I hope that the Government will show that they are giving serious consideration to these issues when they produce their environmental protection Bill this Session. Instead of trying to undermine the Antarctic treaty system by bringing forward proposals to allow mineral exploration, which many of my right hon. and hon. Friends believe will lead to mineral exploitation, they could make a good start by saying, "Enough is enough and we shall go no further. We shall continue to undertake scientific exploration, but we shall seek to preserve the ecology of the continent. We shall try to preserve the living organisms around it as well as the southern ocean, which is an important originator of oxygen into the atmosphere." I should like to think that the Government will change their heart and say at the Santiago conference that Britain will support a wilderness park in the Antarctic rather than continuing the mineral exploration. The factors to which I have referred in the context of the world environment are crucial, but it must be recognised that the results of environmental destruction are different in different parts of the world. We complain, rightly, about the level of air pollution in London because of the amount of traffic and the lack of planning. The same complaints are made in other major cities. We complain also about toxic waste disposal and nuclear waste disposal. It is right that these complaints should be made.

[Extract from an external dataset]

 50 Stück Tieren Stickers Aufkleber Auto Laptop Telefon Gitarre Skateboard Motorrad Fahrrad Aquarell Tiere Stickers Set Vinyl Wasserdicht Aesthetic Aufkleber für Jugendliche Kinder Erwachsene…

It is true, unfortunately, that, in effect, we are exporting pollution to poorer parts of the world. That takes place in a dramatic form in the exporting of toxic waste to poor countries in west Africa. They accept it and process it because it is a way of obtaining foreign exchange. It is often processed badly, however, and that causes incalculable damage to those countries. Likewise, the drive to obtain foreign exchange has led to disaster in India, for example, in the form of the Bhopal accident some years ago. That sort of accident is repeated day after day throughout the poorest countries in the world. There is a clear link between poverty in the poorest countries in the world and environmental destruction, especially with the economic regime that the world is under at present.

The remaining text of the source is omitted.